The response should reproduce exactly the lines from the top of the listing below through the one that contains "95 лет со дня рождения Юлиана Семёнова: встречи в библиотеках 95", and nothing else; pictures do not belong in it.

○ ○ ○ ○ ○

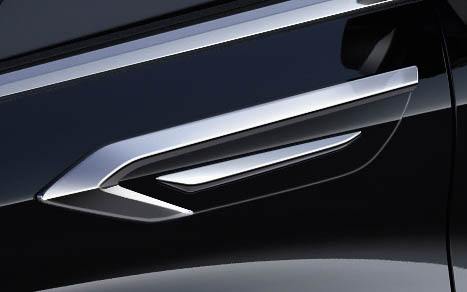 フェンダーガーニッシュ（価格4万1800円）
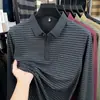 Camisa polo listrada de manga comprida masculina, novo estilo outono, corte solto com bolsos funcionais, adequada para pais, top de camiseta para usar por baixo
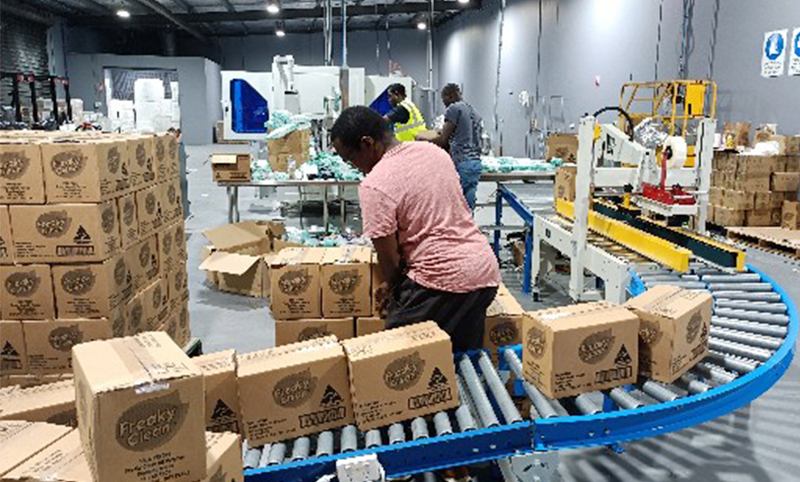 12道双小卷全自动湿巾生产线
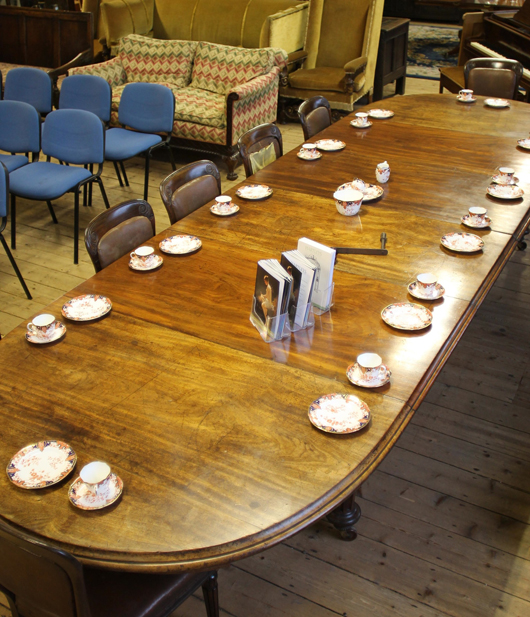 The Victorian extending dining table that made £6,000 ($9,925) at Hartleys in West Yorkshire. Image courtesy of Hartleys.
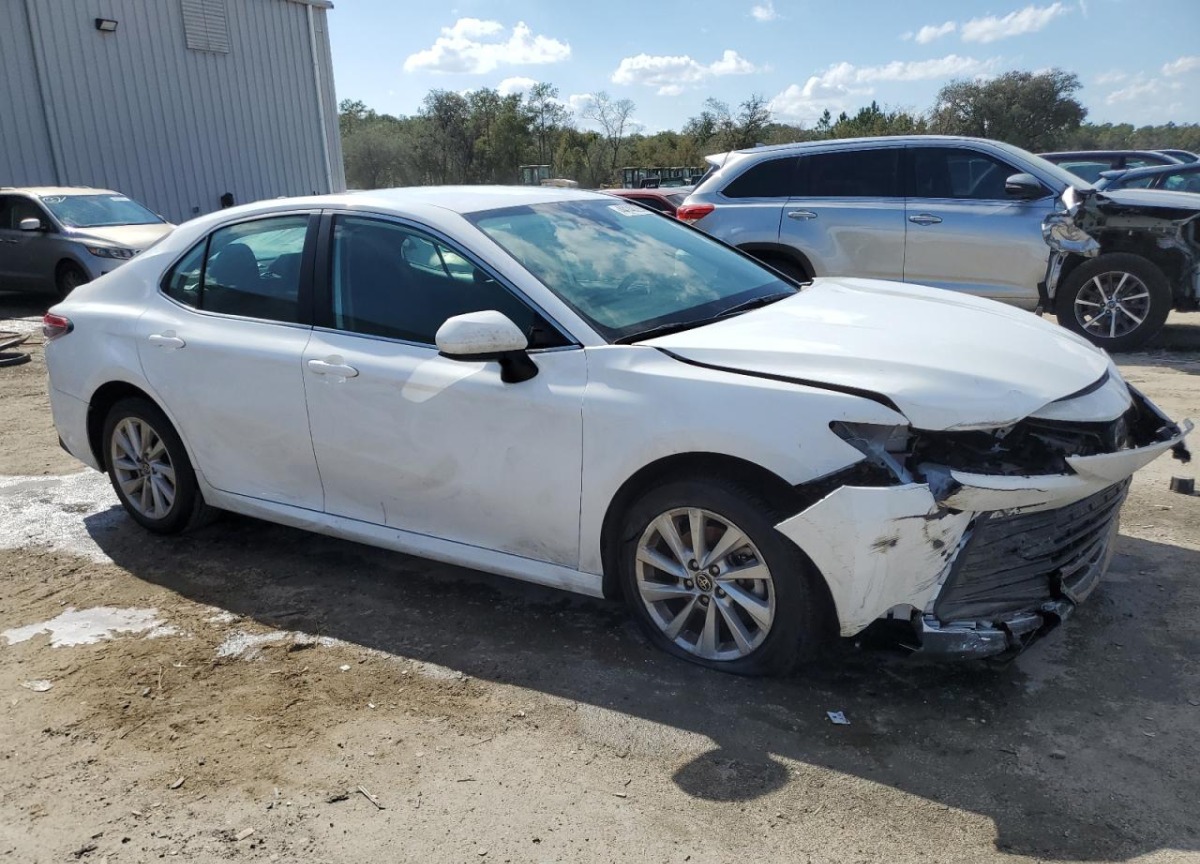 2023 Toyota Camry auction photo 4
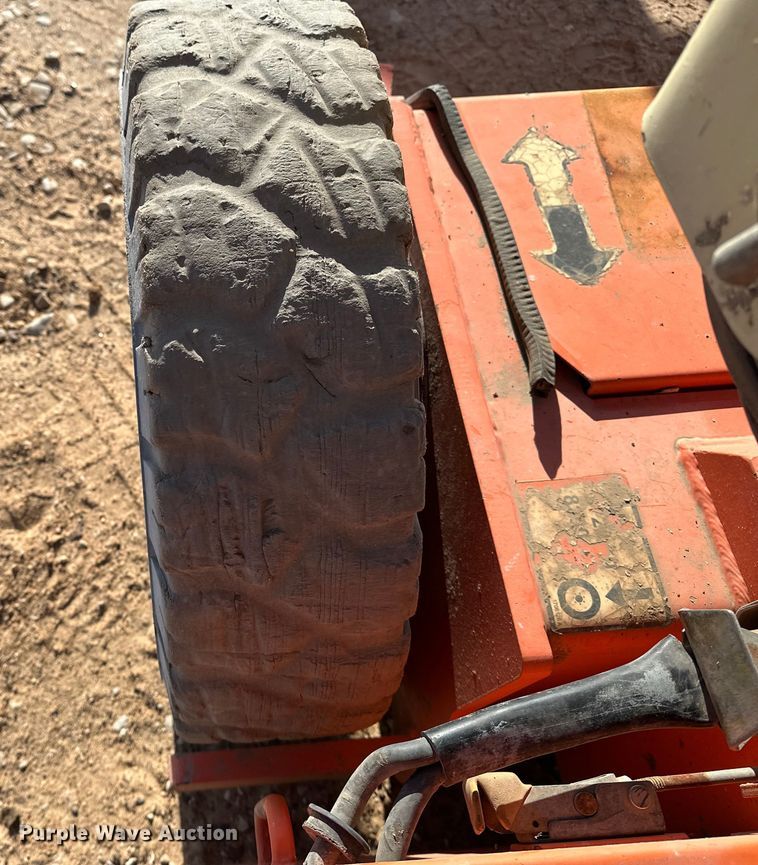 image for item DQ7716 JLG E300AJP boom lift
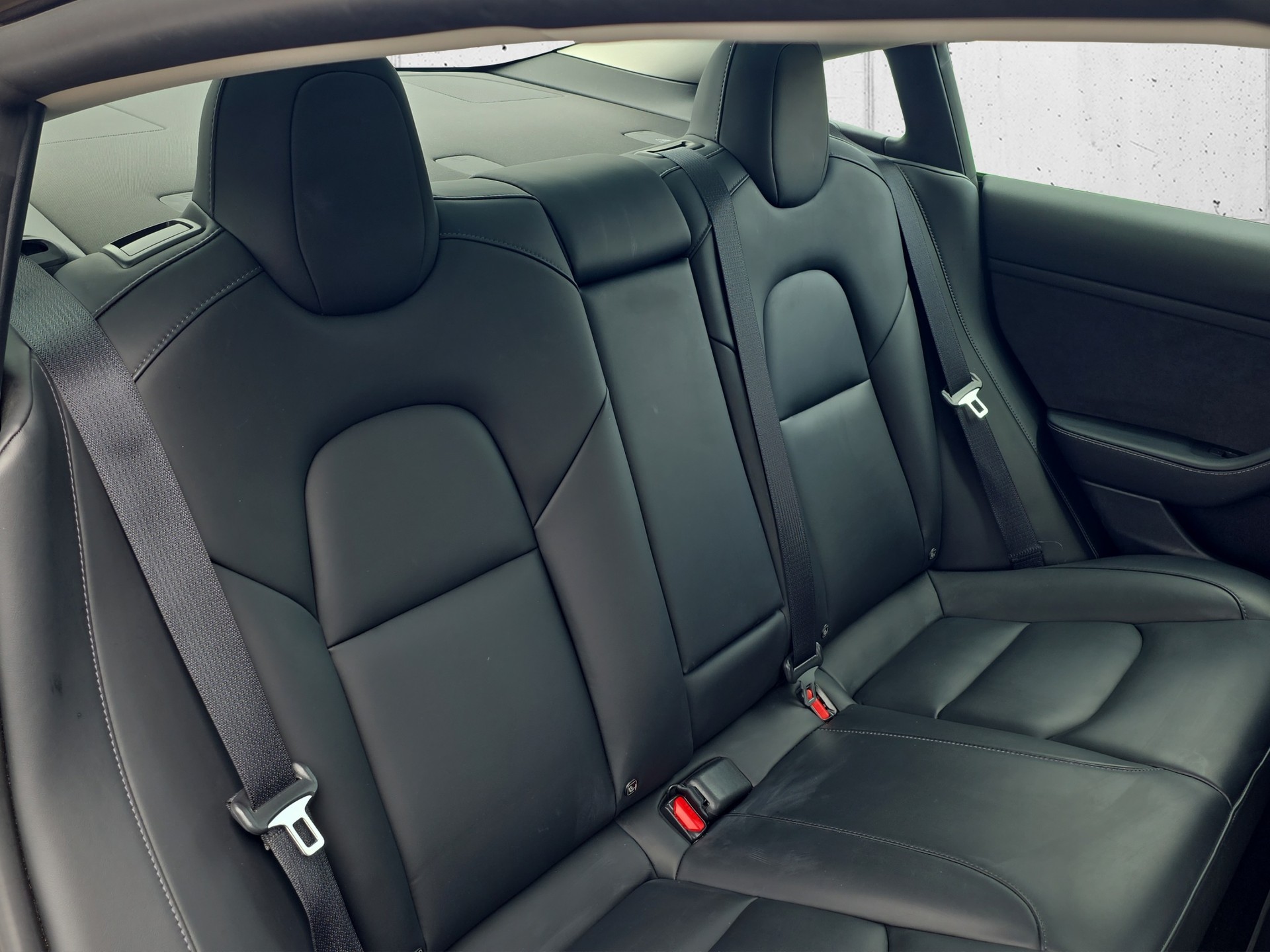 TESLA Model 3 Long Range D-image-12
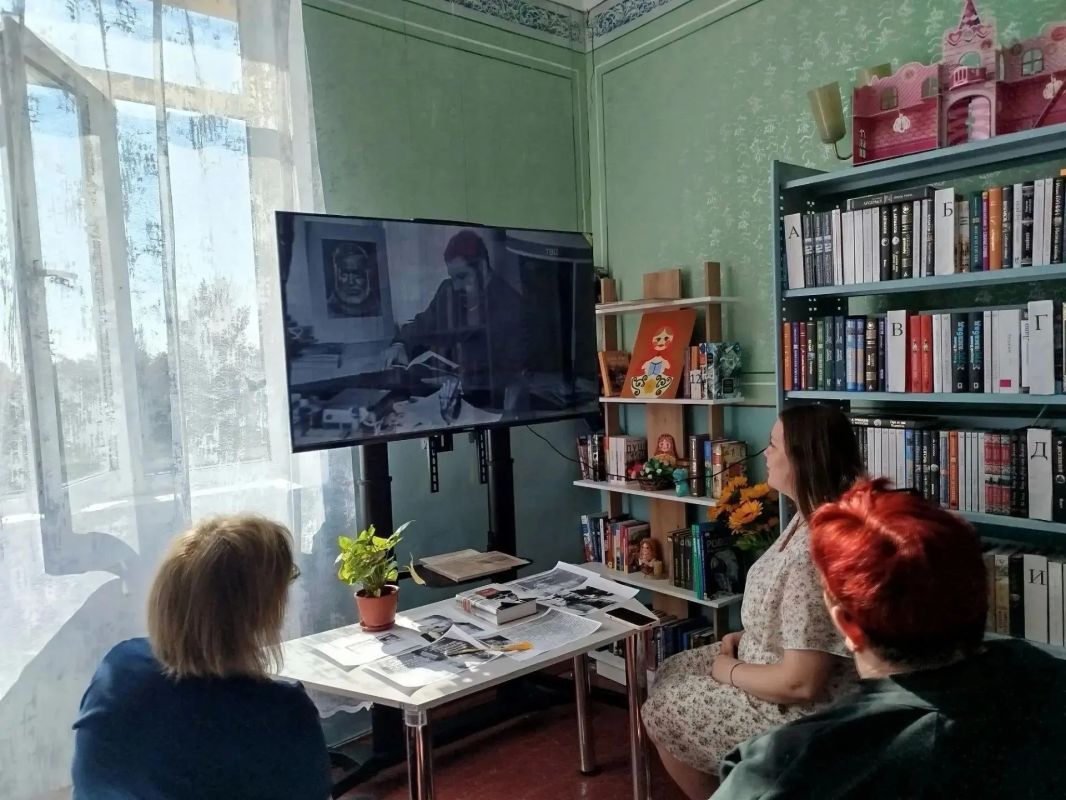 95 лет со дня рождения Юлиана Семёнова: встречи в библиотеках 95 лет со дня рождения Юлиана Семёнова: встречи в библиотеках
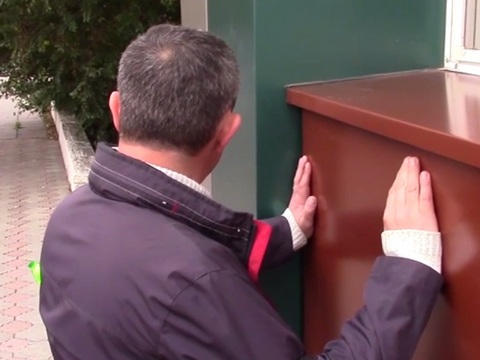 Адвоката Разгельдеева задержали у гостиницы «Волна»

○ ○ ○ ○ ○

◆ SOLUTION TO THE EXERCISE
 フェンダーガーニッシュ（価格4万1800円）
 Camisa polo listrada de manga comprida masculina, novo estilo outono, corte solto com bolsos funcionais, adequada para pais, top de camiseta para usar por baixo
 12道双小卷全自动湿巾生产线
 The Victorian extending dining table that made £6,000 ($9,925) at Hartleys in West Yorkshire. Image courtesy of Hartleys.
 2023 Toyota Camry auction photo 4
 image for item DQ7716 JLG E300AJP boom lift
 TESLA Model 3 Long Range D-image-12
 95 лет со дня рождения Юлиана Семёнова: встречи в библиотеках 95 лет со дня рождения Юлиана Семёнова: встречи в библиотеках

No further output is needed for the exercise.